• Required work: Print the records below exactly. Omit every picture.

Data items:

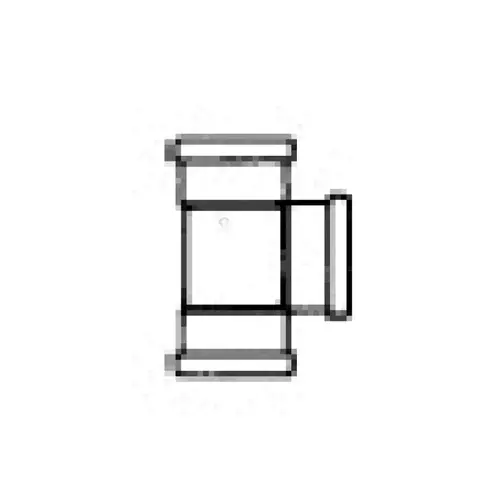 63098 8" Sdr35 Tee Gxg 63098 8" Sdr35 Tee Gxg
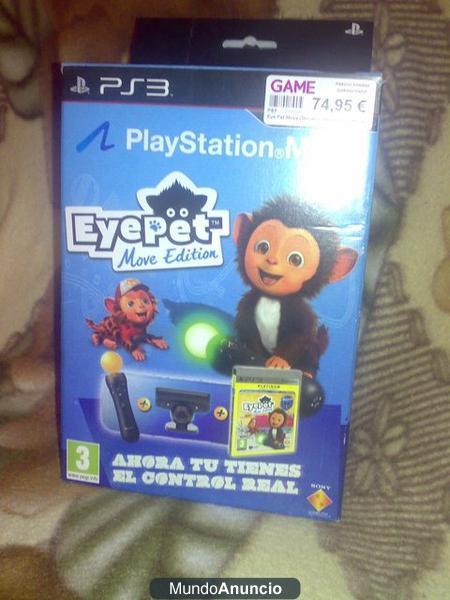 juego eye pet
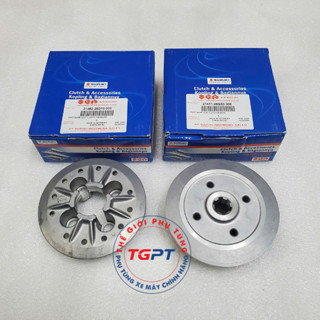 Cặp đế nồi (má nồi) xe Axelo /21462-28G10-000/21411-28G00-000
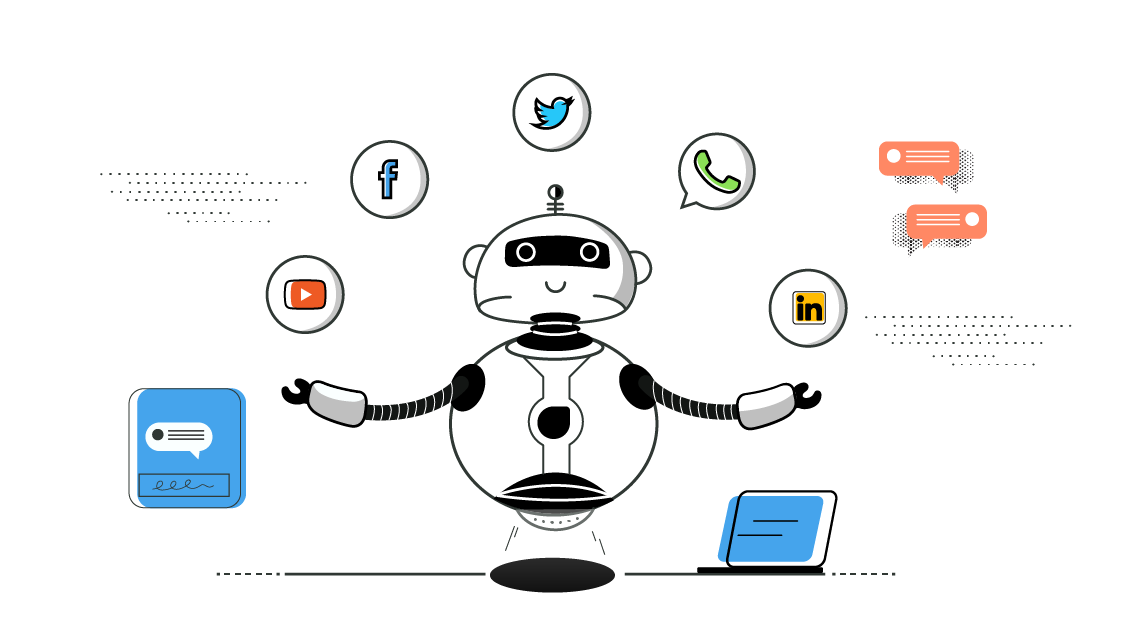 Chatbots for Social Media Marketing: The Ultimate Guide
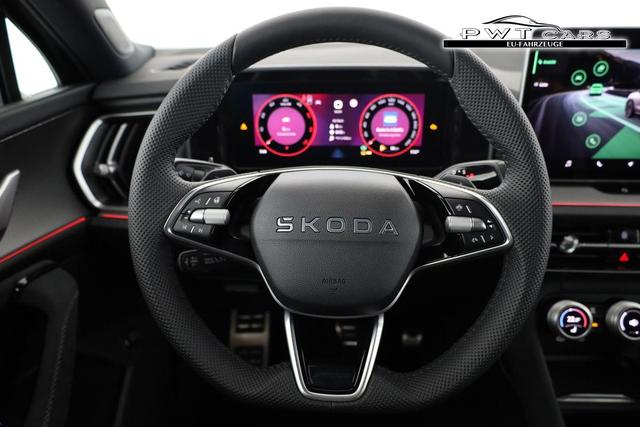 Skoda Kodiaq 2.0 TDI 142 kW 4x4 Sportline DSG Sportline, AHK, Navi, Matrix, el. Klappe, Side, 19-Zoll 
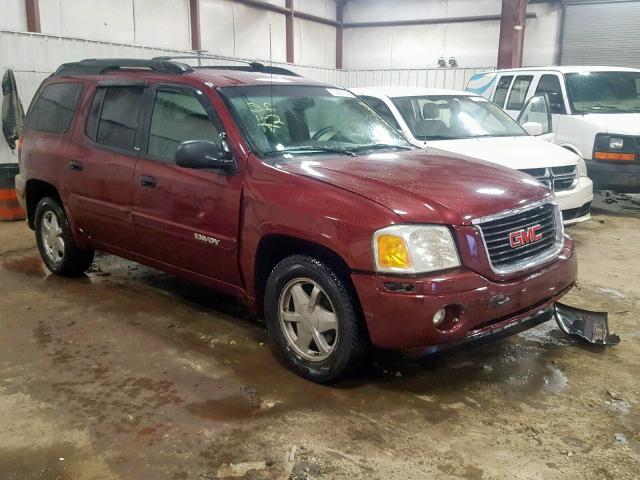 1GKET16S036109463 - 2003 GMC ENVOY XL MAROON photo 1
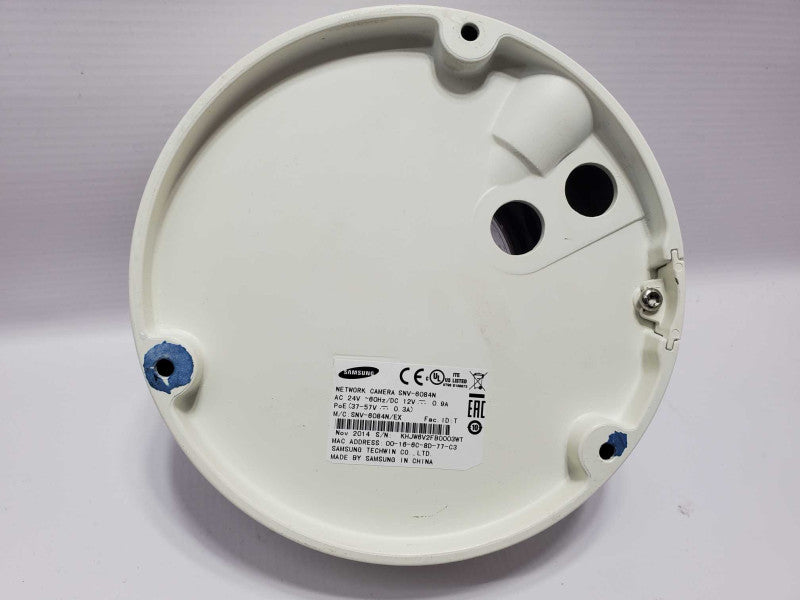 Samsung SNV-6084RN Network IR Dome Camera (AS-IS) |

• The answer:
 63098 8" Sdr35 Tee Gxg 63098 8" Sdr35 Tee Gxg
 juego eye pet
 Cặp đế nồi (má nồi) xe Axelo /21462-28G10-000/21411-28G00-000
 Chatbots for Social Media Marketing: The Ultimate Guide
 Skoda Kodiaq 2.0 TDI 142 kW 4x4 Sportline DSG Sportline, AHK, Navi, Matrix, el. Klappe, Side, 19-Zoll 
 1GKET16S036109463 - 2003 GMC ENVOY XL MAROON photo 1
 Samsung SNV-6084RN Network IR Dome Camera (AS-IS) |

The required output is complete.